With your arm supported only by a piece of spongey sling at the wrist and round the neck, your broken arm feels terribly exposed. If you think about it, with the humerus bone snapped, the entire lower arm is connected by just the muscle, tendons, arteries and nerves, it sometimes feels like an artificial limb dangling off a living stump. Every little movement results in a crunching, grinding or popping sensation, with or without pain. Sometimes the bone pops out sideways again, making the muscle spasm and tense involuntarily.

You become quite scared in order to protect your injured limb. Tiny jolts can cause it to spasm – so you do anything to avoid tiny jolts. You walk around at snail’s pace, carefully placing one foot in front of the other. Gliding as much as possible.
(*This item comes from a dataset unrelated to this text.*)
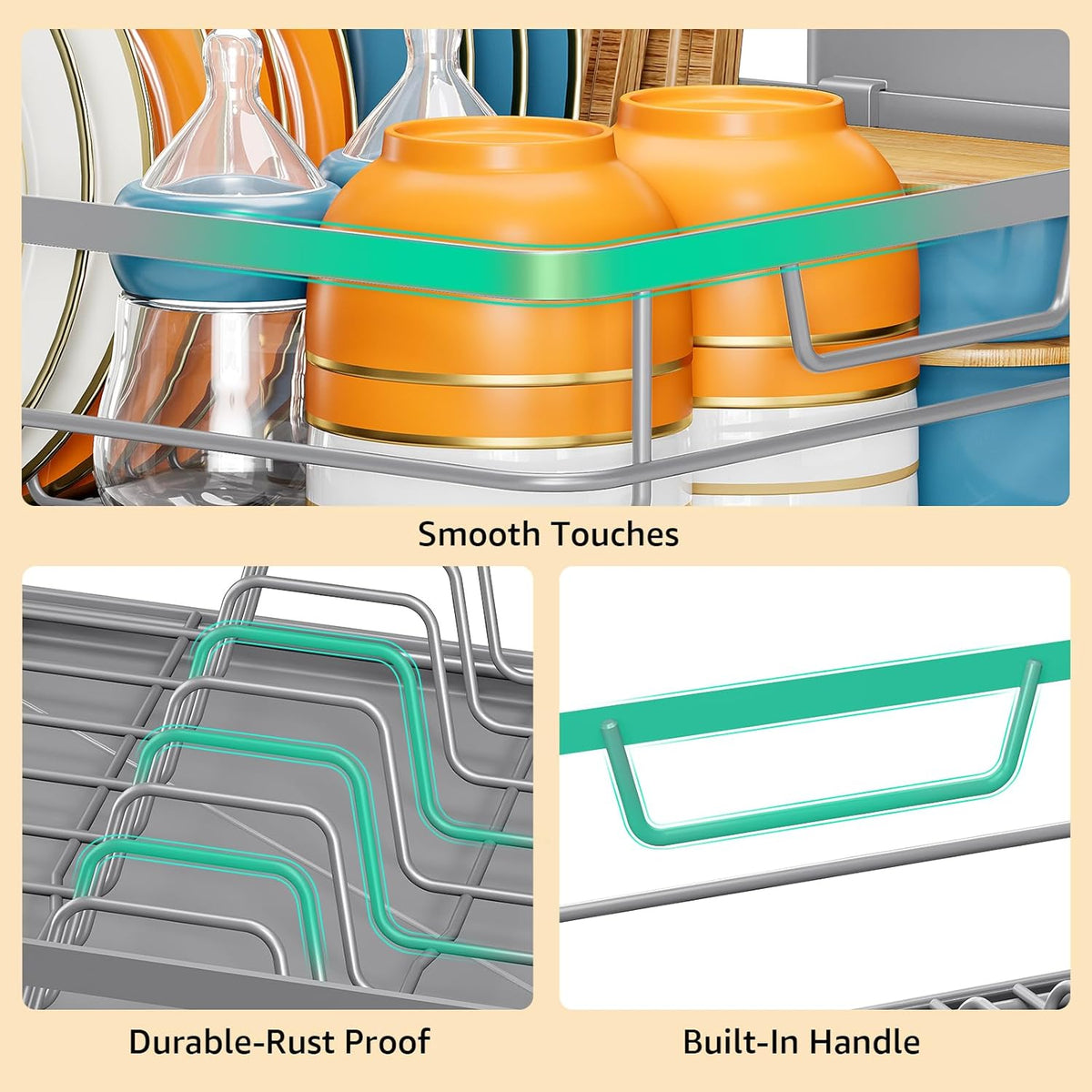 Dish Drying Rack for Kitchen Counter, Space-Saving Dish Rack, Multifunctional Dish Drainer Rack, Sink Kitchen Dishes Strainer, Dryer Rack with Drain Board, and Cutlery Holder,Small Size Gray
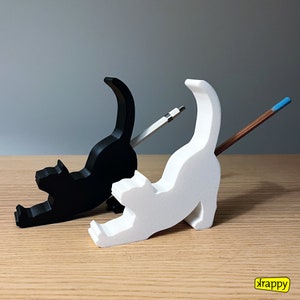 Cat Butt pen holder Gift for cat lover desk accessory for cat lovers 3D printed cat bum pen holder funny office décor pencil holder image 1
Don’t knock into doorways, countertops, other people. I am SO glad not to have boisterous small children or pets around. Avoid steps… stepping down with your injured-side leg first is OK – but stepping back up on either side is hard without help or a support to keep you on the vertical.

my husband and I manoeuvre around each other like tanks

Even now, the idea of falling, or of being attacked by an intruder, keep popping into my mind as I shuffle around the house. It’s hard not to become fearful. There’s definitely no question of going anywhere away from the house and garden until I have to for my next X -ray. It’s lovely when friends come round to chat – it has been brilliant having them round, but there’s a tacit understanding they need to keep their distance – don’t touch me. My husband and I manoeuvre around each other like tanks, being careful not to collide anywhere. He moves towards me proffering a cushion for comfort, I flinch. It’s not nice at all.

Relax and let it hang

If you get it wrong in the first days, you will find your bone sticking out again and locked out of position, with your muscle firm and proud. This really hurts and feels uncomfortable and it’s easy to panic and tense up. Each time this happened to me I said out loud to myself, ‘Relax, breathe, loosen. Relax, breathe…’ and by allowing my left shoulder to relax and droop and my arm to dangle, eventually gravity pulls the bones back into alignment with a series of pops and clicks. Such a relief!

 

After a few days you will work out what works for you and what range of motion you can manage. I find I can lean a little to my right so that left upper arm is stretched along my ribs and supported by my torso. You have to be careful straightening up again though.

I’ve also learned I can lean forward slightly so long as I allow my left arm to dangle in its sling and on the vertical still. This helps to get your arm back if it clicks out. It has proven helpful for washing and drying myself and changing my dress.